● **Exercise directions**
Reproduce the entire listing exactly as written, apart from its pictures.

● **Dataset section**
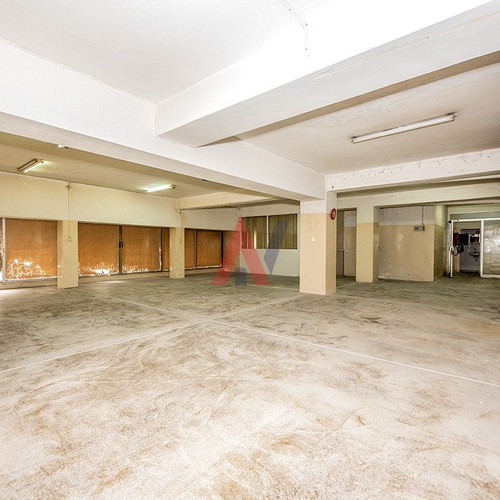 Corner commercial property 860 sqm 3 levels in Kalamaria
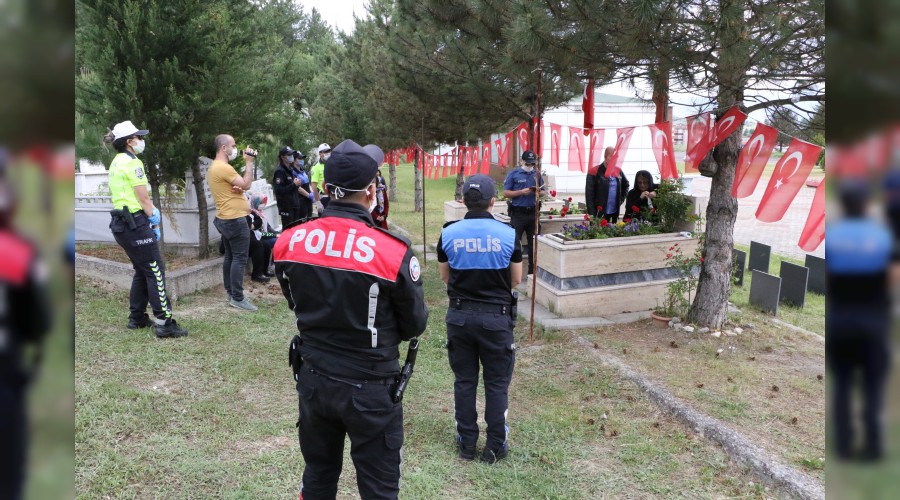 Polis memuru ehit polis iin Kur'an- Kerim okudu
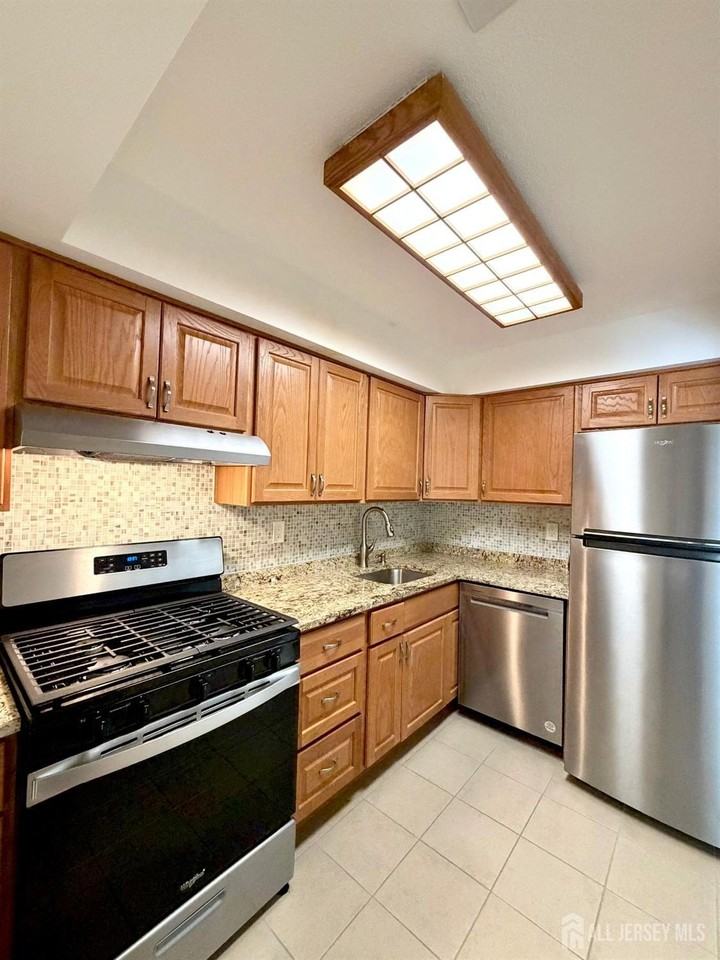 43 Deerberry Ln - Photo 2 of 19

● **Written answer**
 Corner commercial property 860 sqm 3 levels in Kalamaria
 Polis memuru ehit polis iin Kur'an- Kerim okudu
 43 Deerberry Ln - Photo 2 of 19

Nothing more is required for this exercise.